▶ _TASK INSTRUCTIONS_: Wherever the string "turn" shows up in the data below, copy the whole line.

START PROVIDED DATA

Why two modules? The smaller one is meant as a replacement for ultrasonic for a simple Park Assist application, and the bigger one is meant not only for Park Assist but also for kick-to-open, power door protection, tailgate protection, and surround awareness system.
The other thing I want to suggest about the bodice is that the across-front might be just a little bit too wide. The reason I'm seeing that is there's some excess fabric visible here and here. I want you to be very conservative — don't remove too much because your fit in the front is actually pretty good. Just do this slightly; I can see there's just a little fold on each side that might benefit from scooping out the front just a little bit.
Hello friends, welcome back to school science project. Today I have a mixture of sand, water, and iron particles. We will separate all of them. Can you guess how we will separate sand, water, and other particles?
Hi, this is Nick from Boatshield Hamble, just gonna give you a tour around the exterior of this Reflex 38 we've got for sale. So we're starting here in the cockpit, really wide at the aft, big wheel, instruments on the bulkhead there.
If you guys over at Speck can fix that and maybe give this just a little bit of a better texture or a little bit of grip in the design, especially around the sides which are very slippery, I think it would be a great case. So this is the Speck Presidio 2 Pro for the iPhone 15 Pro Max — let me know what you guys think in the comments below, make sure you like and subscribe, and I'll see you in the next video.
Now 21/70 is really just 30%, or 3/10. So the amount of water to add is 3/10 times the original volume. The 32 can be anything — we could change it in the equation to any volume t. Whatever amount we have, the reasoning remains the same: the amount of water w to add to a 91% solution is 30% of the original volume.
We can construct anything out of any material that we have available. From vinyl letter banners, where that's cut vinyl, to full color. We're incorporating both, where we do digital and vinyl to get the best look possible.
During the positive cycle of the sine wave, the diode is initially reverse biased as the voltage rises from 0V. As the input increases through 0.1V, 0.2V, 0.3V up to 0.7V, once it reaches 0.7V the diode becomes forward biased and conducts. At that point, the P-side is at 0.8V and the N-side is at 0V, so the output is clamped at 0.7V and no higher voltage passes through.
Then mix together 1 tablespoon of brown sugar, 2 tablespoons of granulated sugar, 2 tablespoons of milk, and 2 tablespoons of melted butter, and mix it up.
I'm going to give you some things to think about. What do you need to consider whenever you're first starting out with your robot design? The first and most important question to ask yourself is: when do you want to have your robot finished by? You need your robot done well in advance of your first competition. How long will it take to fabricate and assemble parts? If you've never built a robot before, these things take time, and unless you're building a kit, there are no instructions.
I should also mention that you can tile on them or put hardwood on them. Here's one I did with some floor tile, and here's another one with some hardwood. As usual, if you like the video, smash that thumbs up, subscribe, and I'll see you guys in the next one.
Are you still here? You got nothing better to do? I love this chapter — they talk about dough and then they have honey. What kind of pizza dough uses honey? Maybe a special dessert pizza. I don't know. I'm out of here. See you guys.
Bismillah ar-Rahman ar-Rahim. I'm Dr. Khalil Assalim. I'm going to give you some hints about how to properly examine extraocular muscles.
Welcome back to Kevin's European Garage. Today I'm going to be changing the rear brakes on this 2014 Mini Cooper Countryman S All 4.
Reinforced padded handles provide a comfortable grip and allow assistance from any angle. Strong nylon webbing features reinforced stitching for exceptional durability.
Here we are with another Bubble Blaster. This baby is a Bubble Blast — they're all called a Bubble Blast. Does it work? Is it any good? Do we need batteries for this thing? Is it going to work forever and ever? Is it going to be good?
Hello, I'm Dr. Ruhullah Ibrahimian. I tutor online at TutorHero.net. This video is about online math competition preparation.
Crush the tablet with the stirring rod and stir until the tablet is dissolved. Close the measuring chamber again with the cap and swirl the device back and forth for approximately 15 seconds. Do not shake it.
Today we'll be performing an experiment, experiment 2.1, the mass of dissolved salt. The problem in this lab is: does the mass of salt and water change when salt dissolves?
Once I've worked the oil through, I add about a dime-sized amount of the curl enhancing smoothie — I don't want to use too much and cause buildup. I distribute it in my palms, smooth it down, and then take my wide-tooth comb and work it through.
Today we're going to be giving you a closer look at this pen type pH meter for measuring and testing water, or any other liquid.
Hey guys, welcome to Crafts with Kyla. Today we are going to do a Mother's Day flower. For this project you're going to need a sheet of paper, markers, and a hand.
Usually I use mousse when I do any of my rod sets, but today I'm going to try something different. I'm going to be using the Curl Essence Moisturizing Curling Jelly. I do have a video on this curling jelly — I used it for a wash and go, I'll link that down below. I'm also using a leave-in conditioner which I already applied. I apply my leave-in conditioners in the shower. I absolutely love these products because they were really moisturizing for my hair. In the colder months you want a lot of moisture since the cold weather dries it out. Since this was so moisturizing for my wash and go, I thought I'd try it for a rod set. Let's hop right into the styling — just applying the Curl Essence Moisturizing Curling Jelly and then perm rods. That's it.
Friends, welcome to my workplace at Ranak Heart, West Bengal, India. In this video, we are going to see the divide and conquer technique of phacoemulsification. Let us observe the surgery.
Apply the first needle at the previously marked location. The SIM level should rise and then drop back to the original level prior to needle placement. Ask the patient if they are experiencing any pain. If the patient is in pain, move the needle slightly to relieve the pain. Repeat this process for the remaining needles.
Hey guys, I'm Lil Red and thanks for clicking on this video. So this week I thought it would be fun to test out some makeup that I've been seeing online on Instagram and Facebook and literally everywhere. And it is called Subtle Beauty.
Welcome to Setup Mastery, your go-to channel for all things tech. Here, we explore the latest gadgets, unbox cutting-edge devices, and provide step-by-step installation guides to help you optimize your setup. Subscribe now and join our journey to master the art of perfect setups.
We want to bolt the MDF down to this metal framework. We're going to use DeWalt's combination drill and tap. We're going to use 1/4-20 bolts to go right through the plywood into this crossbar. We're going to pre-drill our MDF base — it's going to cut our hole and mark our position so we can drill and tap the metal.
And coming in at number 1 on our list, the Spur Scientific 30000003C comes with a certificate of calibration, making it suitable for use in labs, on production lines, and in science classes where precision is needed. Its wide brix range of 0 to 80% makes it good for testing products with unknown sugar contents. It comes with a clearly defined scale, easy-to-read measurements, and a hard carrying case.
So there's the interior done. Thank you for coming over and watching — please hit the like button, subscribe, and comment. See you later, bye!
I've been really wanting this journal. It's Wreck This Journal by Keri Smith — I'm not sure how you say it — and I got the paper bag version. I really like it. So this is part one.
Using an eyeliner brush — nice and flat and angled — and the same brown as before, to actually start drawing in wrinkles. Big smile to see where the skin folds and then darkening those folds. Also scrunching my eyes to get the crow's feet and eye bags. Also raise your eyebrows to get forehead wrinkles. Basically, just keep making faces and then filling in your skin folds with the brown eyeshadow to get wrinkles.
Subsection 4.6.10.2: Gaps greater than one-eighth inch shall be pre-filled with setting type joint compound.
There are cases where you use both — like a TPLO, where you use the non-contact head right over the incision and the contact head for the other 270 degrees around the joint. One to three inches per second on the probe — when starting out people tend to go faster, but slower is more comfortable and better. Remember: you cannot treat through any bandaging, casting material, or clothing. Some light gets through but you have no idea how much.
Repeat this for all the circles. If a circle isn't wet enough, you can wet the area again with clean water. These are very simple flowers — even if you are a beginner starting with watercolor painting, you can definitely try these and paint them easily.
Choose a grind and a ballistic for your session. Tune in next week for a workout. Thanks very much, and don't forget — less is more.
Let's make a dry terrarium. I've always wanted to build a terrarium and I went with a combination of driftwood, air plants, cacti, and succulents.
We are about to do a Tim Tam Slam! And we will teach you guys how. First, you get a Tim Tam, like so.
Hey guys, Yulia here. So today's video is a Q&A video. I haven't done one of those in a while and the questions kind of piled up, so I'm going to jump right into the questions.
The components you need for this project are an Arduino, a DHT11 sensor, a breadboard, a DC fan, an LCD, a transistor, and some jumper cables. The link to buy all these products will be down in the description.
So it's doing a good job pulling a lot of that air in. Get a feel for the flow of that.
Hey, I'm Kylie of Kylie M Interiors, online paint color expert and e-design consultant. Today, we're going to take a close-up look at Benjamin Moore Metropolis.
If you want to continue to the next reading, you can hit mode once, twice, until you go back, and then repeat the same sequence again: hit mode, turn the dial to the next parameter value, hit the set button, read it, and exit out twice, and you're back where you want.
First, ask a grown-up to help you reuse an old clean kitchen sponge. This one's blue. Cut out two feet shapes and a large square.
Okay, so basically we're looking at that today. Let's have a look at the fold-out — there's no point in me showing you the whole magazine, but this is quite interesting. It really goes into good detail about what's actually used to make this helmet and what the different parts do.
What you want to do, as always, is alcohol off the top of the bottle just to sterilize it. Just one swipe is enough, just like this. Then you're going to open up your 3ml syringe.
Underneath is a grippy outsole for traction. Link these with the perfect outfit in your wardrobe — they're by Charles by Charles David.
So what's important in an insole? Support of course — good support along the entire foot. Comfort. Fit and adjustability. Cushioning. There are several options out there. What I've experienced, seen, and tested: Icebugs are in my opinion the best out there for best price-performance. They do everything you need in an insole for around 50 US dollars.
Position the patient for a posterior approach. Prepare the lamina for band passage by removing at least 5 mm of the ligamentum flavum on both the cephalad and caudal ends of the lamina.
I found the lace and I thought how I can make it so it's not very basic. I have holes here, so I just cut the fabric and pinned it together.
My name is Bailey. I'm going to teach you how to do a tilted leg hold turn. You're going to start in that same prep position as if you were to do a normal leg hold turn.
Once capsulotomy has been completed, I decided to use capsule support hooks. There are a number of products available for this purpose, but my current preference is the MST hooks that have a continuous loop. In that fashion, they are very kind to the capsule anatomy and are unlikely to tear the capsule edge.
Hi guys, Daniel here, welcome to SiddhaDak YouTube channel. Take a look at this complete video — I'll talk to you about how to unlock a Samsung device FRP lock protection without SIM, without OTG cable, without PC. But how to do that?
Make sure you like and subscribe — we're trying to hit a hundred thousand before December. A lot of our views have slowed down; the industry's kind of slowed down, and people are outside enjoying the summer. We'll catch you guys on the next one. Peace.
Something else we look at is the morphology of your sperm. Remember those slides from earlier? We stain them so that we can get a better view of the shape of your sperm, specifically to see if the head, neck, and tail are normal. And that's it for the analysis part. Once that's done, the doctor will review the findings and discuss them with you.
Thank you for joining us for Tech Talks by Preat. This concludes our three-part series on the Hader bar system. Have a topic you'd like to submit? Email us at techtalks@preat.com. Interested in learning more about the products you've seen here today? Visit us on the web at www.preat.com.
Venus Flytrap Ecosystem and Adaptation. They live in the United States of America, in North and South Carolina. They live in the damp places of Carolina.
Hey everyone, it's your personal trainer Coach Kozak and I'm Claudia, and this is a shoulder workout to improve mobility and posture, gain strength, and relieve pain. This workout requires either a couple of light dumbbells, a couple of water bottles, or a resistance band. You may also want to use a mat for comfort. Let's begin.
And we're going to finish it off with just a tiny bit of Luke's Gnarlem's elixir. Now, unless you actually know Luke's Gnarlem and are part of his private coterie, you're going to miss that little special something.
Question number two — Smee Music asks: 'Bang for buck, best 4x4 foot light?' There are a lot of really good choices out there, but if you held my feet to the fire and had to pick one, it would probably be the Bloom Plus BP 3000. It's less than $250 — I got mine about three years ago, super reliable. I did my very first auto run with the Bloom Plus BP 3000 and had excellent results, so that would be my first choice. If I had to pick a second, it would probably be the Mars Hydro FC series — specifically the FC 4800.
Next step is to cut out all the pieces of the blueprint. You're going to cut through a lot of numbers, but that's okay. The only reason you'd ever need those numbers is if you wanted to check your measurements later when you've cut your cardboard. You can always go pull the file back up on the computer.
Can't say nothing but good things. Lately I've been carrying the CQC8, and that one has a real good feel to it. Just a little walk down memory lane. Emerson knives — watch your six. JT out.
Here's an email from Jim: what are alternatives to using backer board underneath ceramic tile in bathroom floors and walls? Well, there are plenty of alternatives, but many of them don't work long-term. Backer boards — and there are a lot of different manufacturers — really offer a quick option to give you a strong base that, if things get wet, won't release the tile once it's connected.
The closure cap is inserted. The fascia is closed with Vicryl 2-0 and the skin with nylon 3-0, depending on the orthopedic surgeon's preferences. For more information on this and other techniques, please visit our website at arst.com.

END PROVIDED DATA

▶ _RESULT OF THIS EXERCISE_:
If you want to continue to the next reading, you can hit mode once, twice, until you go back, and then repeat the same sequence again: hit mode, turn the dial to the next parameter value, hit the set button, read it, and exit out twice, and you're back where you want.
My name is Bailey. I'm going to teach you how to do a tilted leg hold turn. You're going to start in that same prep position as if you were to do a normal leg hold turn.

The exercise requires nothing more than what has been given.